Strong policy support needed:
- Solving doctor shortage needs long-term thinking and commitment from the political leadership.
- The government should learn from previous cases of public-private partnerships (PPPs).
- In the past, contrary to the expectation that markets would help increasing access to primary and tertiary care for the poor through private players, the evidence supporting their effectiveness is very limited.
- In fact, many PPPs had to be shelved owing to the non-compliance of the agreement conditions by the private sector under which they were also supposed to cater to the non-paying patients.
A public good:
- An unfettered market approach or a regulated market with medical colleges that are publicly funded but privately operated, providing competition for traditional government medical colleges, is not the answer to the health workforce crisis.

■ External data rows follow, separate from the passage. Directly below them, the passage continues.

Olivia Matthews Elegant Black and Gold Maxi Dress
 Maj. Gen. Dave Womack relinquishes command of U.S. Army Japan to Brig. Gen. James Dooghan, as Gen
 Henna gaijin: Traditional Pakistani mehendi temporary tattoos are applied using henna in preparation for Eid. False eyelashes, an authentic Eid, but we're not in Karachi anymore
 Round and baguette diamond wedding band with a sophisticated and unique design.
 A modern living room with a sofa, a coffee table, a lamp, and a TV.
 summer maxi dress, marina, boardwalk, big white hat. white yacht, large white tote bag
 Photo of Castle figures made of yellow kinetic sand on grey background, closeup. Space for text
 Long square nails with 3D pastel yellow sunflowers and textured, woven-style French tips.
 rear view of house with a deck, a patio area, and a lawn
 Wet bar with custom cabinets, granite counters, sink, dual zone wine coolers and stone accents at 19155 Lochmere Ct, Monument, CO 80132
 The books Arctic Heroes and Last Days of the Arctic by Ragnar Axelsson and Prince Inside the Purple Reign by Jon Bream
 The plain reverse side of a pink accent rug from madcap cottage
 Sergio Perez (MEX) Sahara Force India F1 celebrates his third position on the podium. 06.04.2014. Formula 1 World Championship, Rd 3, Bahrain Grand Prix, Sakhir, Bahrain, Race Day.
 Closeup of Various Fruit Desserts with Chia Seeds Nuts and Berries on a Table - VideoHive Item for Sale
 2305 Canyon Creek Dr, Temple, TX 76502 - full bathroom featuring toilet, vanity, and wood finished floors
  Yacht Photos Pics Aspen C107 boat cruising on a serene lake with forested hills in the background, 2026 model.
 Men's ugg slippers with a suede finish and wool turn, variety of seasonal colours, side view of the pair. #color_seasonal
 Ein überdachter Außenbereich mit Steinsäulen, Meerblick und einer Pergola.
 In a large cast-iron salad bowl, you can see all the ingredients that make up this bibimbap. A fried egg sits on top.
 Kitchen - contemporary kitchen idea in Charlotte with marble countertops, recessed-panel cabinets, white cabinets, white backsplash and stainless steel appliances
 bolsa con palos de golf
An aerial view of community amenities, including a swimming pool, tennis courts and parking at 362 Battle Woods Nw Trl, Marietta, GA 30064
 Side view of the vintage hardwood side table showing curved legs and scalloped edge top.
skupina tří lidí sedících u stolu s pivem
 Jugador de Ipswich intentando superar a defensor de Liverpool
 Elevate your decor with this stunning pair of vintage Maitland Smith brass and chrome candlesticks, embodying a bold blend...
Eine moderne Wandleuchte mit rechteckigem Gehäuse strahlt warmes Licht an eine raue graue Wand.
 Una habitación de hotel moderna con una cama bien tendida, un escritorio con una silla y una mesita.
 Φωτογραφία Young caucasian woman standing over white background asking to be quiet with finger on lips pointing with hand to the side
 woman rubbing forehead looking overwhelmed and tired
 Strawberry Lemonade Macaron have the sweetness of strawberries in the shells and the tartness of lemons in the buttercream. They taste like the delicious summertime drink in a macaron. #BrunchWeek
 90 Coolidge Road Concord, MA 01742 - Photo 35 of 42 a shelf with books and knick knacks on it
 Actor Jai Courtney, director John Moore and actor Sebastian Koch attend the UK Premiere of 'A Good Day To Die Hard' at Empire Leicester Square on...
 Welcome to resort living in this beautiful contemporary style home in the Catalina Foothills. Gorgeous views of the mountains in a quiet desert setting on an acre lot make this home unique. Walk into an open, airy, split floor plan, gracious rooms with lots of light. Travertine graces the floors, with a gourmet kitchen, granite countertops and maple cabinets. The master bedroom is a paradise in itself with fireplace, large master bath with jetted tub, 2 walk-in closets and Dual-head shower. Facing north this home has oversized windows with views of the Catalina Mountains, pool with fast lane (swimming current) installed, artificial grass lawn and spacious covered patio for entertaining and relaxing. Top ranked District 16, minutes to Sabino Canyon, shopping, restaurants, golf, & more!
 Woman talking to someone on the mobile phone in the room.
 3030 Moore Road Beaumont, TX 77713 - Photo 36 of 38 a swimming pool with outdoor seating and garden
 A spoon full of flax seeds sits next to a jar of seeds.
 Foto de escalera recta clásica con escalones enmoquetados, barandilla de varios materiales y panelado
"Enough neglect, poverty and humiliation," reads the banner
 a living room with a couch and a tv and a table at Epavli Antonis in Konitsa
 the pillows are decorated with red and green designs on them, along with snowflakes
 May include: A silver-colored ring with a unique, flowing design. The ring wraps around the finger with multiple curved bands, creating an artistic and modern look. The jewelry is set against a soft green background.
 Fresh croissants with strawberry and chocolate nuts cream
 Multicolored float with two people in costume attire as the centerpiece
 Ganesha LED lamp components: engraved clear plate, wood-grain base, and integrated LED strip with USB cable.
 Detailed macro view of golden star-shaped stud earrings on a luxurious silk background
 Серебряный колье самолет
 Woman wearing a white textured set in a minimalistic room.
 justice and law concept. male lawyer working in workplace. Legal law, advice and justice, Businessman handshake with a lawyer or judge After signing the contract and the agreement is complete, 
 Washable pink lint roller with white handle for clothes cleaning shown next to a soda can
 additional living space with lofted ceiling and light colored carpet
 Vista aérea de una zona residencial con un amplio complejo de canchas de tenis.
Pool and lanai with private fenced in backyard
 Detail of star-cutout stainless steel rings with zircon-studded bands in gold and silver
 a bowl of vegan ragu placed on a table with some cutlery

- Medical education is a public good as its purpose is to improve the population health and decrease disease burden.
Conclusion:
- The pandemic has provided us an opportunity to make medical education a public good once again.
- Thus by establishing new medical colleges, the government can increase student intake as well as enhance equitable access to medical education.
- And allocate adequate financial resources to strengthen the overall capacity of existing medical colleges to enrich student learning and improve output.